Open innovation: in autonomia o con il supporto di un abilitatore? Ecco come scelgono i Cio
Gli aspetti che pesano maggiormente sulla scelta dell’intermediario più adatto
Quali sono gli aspetti più importanti che i Chief innovation officer (Cio) prendono in considerazione quando devono scegliere tra fare open innovation in autonomia (quindi lavorare direttamente con le startup) o selezionare un abilitatore che le supporti? E nel secondo caso, come scegliere l’intermediario più adatto?
Un nuovo studio della IESE Business School, con il contributo di Gellify e Acciona ha cercato di rispondere a questi interrogativi intervistando oltre 90 Cio internazionali. Il report, intitolato Open Innovation: Improving Your Capability, Deal Flow, Cost and Speed With a Corporate Venturing Ecosystem (si può vedere qui), si focalizza su come le aziende consolidate possono accrescere competenze ed efficacia, anche in termini di ricavi e nuovi business, collaborando con gli imprenditori in un mercato estremamente volatile.

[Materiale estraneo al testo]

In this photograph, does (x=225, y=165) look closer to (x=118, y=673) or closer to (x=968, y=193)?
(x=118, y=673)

Le sfide dell’open innovation
Con la forte crescita del corporate venturing – la collaborazione tra aziende e startup per cercare innovazione attingendo alle realtà esterne più interessanti – le aziende già consolidate stanno facendo sempre più fatica a battere la concorrenza nello scovare e attirare i migliori imprenditori e le startup più innovative. Inoltre, l’intensificarsi della volatilità sui mercati globali ha introdotto un’ulteriore pressione nei team di corporate venturing interni alle aziende, da parte delle business unit aziendali in cerca di previsioni di mercato più robuste e nuovi flussi di ricavi.
Una soluzione promettente
Per affrontare queste sfide, una strada sempre più battuta da parte delle aziende è quella di integrare la propria attività interna con il supporto di un abilitatore di corporate venturing. Si tratta di un agente di innovazione, esterno alla struttura aziendale, che facilita la collaborazione con una startup: gli abilitatori possono essere aziende di consulenza, acceleratori privati, centri di ricerca, ambasciate o anche altre aziende corporate.

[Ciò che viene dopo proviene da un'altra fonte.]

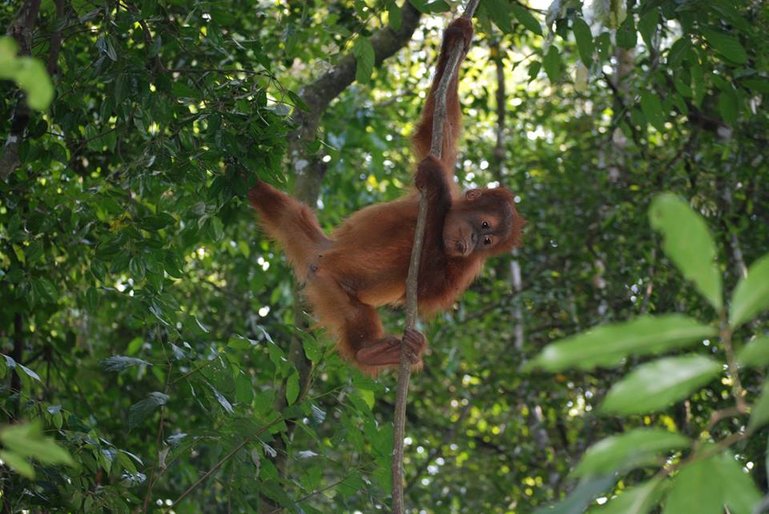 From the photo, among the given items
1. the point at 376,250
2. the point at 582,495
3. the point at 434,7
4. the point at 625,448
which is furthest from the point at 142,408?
the point at 625,448

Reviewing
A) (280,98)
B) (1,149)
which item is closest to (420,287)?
(280,98)

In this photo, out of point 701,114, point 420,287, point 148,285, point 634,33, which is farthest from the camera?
point 701,114

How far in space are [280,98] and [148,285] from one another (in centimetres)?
97

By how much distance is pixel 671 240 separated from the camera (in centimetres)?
102

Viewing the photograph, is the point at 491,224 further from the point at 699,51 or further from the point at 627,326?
the point at 627,326

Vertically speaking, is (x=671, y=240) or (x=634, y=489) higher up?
(x=671, y=240)

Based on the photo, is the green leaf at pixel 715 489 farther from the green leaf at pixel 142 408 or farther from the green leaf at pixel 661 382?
the green leaf at pixel 142 408

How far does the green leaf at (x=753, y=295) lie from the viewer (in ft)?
3.35

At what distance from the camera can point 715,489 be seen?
1.08m

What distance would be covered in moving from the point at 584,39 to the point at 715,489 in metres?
3.33

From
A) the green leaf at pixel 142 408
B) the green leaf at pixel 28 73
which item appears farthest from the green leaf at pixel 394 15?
the green leaf at pixel 28 73

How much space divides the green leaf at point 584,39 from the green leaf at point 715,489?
3258mm

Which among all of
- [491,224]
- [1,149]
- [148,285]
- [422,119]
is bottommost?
[148,285]

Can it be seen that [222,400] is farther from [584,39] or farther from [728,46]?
[728,46]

Analizzando le risposte dei Cio, dalla ricerca è emerso che, in media, gli aspetti che le aziende valutano più frequentemente nel decidere se lavorare con le startup direttamente o con il supporto di un abilitatore, sono: la vicinanza della startup al core business dell’azienda (nel 26% dei casi), la capacità interna di lavorare con imprenditori (24%) l’accesso ad opportunità selezionate (17%) e i costi di implementazione (11%).

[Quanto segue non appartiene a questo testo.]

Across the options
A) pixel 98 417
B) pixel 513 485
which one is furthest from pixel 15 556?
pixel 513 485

Open innovation: in autonomia o con il supporto di un abilitatore?
Guardando allo step successivo, una volta che un’azienda decide di rivolgersi ad un abilitatore, le caratteristiche prese in considerazione più frequentemente nella scelta del miglior abilitatore sono, per citarne alcuni, la capacità di lavorare con gli imprenditori (nel 38% dei casi), l’esistenza di un ecosistema di stakeholder selezionati per facilitare la collaborazione tra azienda e startup (15%), la conoscenza del settore o della tecnologia esplorata (12%).
La scelta tra 2 (o più) abilitatori
Le implicazioni per le aziende e per gli abilitatosi
Dal momento che sempre più aziende lavorano con le startup, offrendo benefici simili agli imprenditori, fare squadra con gli abilitatori può migliorare la loro value proposition, accrescendone il valore. Inoltre, collaborando con gli abilitatosi le aziende possono ridurre i costi dell’innovazione condividendoli con altri attori, aumentare il deal slow e diventare abili nell’intercettare in anticipo le opportunità. Dall’altro lato, alla luce del fatto che nel 38% dei casi analizzati, la capacità di lavorare con gli imprenditori è l’aspetto più importante per le aziende nello scegliere a quale intermediario rivolgersi, i cosiddetti ‘broker dell’innovazione dovrebbero concentrarsi meno sull’apparenza e più sullo sviluppo di processi comprovati.